⟨

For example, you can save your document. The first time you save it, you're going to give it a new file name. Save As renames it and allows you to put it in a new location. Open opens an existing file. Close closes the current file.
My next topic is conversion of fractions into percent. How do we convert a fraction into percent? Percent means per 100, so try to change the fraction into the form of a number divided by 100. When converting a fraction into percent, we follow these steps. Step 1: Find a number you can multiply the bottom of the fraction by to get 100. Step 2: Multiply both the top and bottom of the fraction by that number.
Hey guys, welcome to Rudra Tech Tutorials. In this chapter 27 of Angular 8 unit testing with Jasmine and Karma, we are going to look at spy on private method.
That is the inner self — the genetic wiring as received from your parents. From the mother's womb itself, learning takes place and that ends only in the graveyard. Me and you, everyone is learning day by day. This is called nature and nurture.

⟩
⟨

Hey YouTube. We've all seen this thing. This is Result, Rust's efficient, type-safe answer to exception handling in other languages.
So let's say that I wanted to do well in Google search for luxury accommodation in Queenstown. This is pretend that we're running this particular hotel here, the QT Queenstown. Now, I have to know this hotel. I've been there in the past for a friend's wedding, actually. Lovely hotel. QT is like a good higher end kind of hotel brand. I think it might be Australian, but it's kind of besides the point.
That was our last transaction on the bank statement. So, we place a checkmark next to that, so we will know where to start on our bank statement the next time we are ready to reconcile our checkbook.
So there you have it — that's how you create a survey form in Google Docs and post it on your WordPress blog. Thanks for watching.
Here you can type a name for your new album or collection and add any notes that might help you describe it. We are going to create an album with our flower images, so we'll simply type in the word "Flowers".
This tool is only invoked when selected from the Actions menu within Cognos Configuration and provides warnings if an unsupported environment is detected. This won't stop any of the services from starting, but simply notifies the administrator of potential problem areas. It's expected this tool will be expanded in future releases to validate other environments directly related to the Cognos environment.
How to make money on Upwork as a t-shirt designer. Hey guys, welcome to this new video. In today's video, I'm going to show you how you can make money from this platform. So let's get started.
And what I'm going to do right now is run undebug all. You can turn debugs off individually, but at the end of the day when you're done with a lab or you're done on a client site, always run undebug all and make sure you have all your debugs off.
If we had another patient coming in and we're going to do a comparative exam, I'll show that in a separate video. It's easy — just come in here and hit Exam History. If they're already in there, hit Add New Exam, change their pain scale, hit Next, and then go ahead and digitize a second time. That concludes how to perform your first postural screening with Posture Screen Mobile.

⟩
⟨

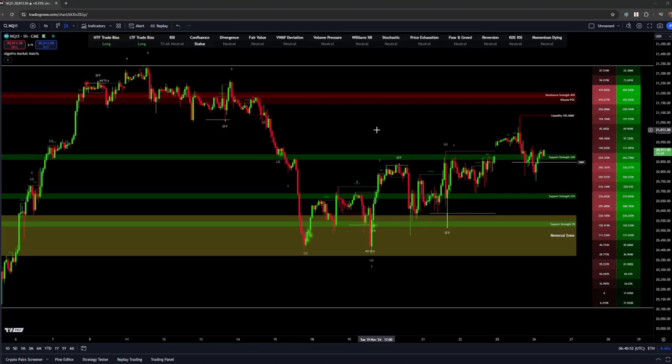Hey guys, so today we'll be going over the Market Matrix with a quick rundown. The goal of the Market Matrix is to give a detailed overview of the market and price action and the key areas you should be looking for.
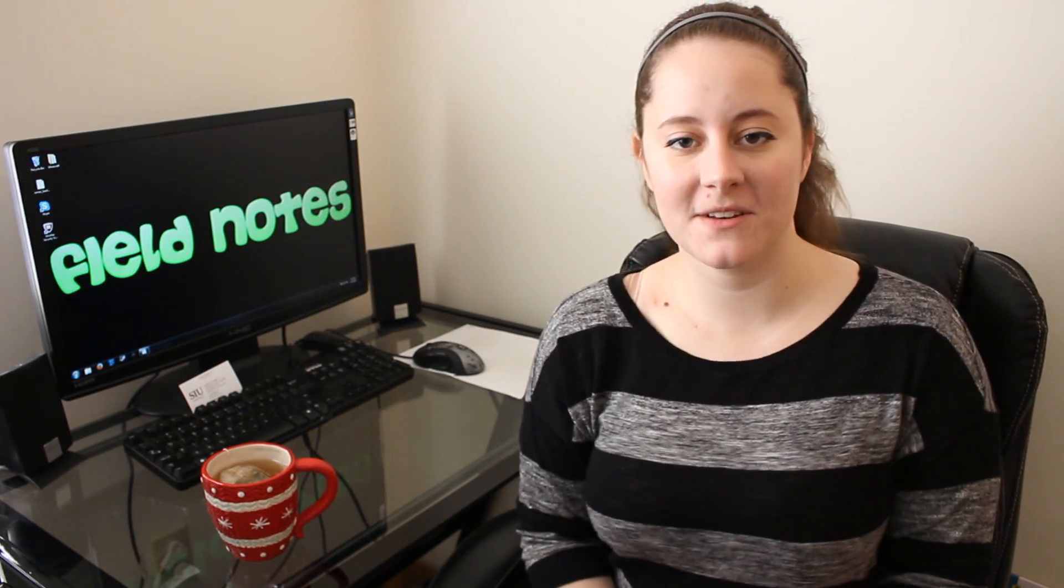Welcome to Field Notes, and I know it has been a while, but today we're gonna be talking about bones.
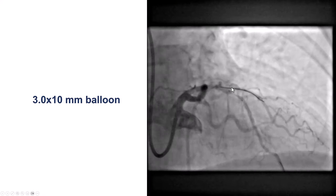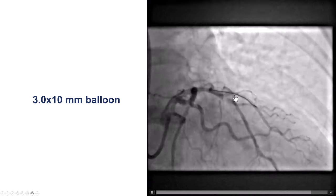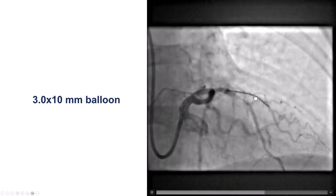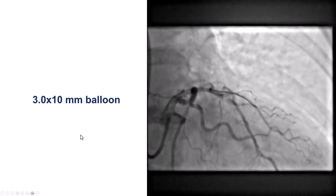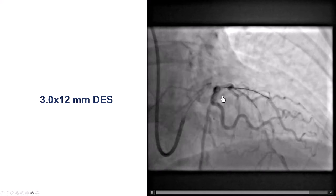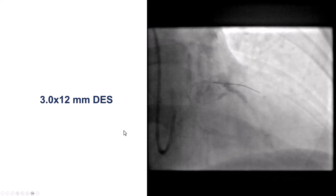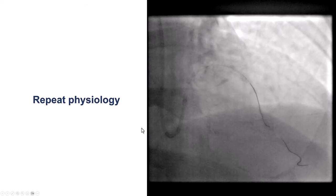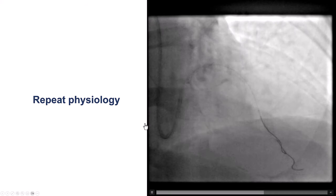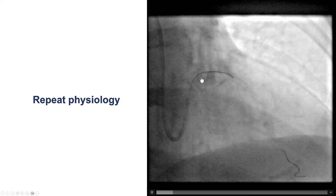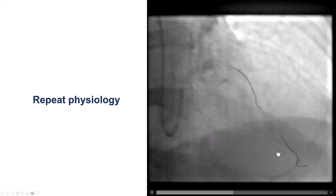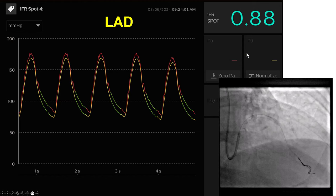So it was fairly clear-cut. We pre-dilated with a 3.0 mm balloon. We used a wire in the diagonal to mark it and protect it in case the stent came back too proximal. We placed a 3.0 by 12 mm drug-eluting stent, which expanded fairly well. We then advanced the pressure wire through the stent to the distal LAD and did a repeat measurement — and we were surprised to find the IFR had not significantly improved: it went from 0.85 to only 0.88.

⟩

**Task statement:** Gather each line of the records holding the string "make".

**Result of the exercise:**
How to make money on Upwork as a t-shirt designer. Hey guys, welcome to this new video. In today's video, I'm going to show you how you can make money from this platform. So let's get started.
And what I'm going to do right now is run undebug all. You can turn debugs off individually, but at the end of the day when you're done with a lab or you're done on a client site, always run undebug all and make sure you have all your debugs off.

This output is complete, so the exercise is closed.